[Start of Attachment]
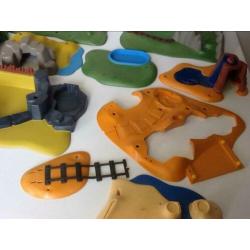 Diverse grondplaten / onderdelen van playmobil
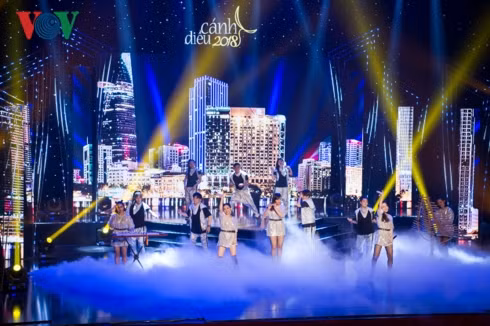 “Danh bai” Song Lang, Chang vo cua em gianh giai Canh dieu Vang 2018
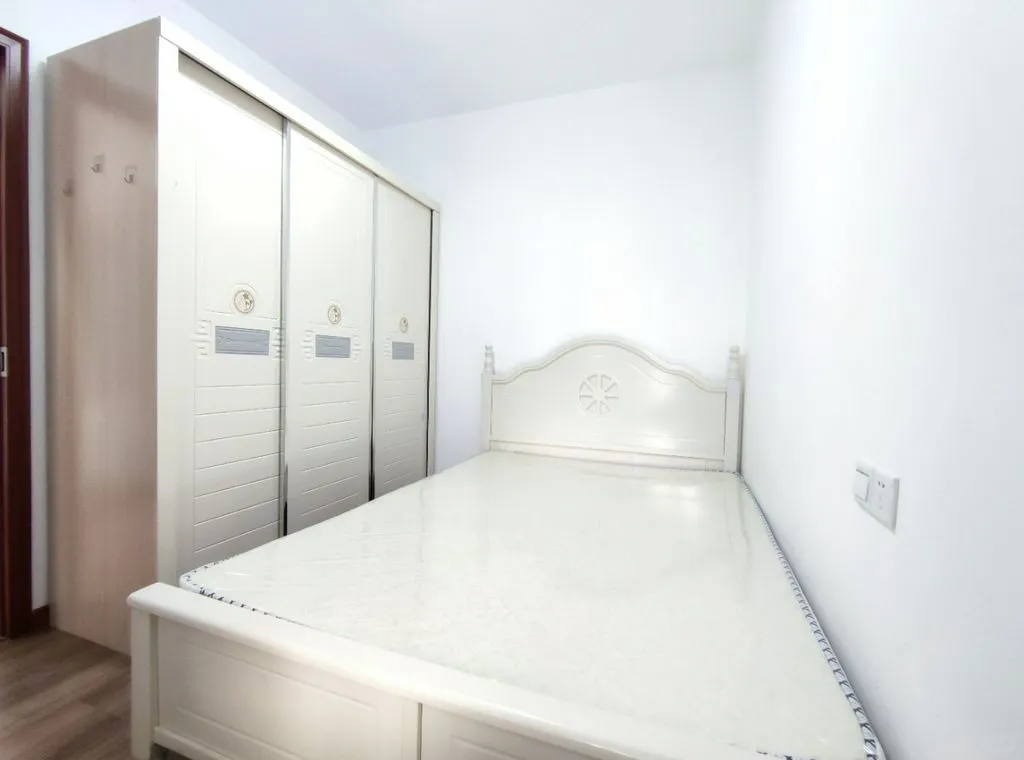 高新石羊场套三3000/??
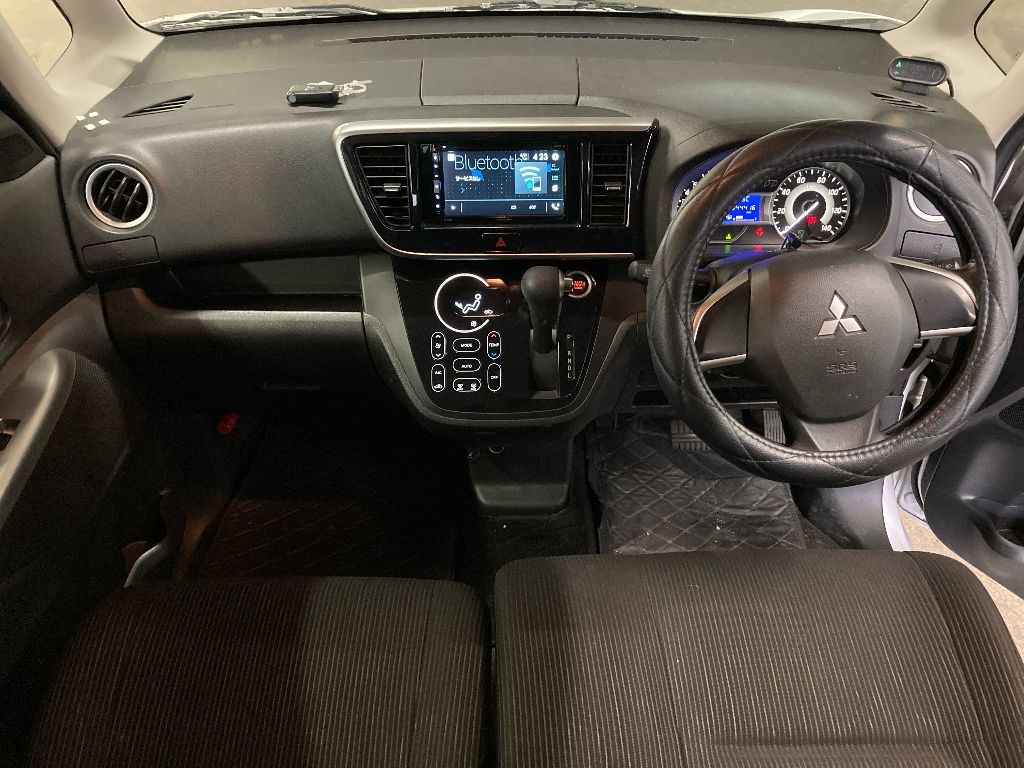 MITSUBISHI EK SPACE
[End of Attachment]
-- Instructions to follow --
Return all of the material precisely as written. No picture belongs in it.

-- Solution --
 Diverse grondplaten / onderdelen van playmobil
 “Danh bai” Song Lang, Chang vo cua em gianh giai Canh dieu Vang 2018
 高新石羊场套三3000/??
 MITSUBISHI EK SPACE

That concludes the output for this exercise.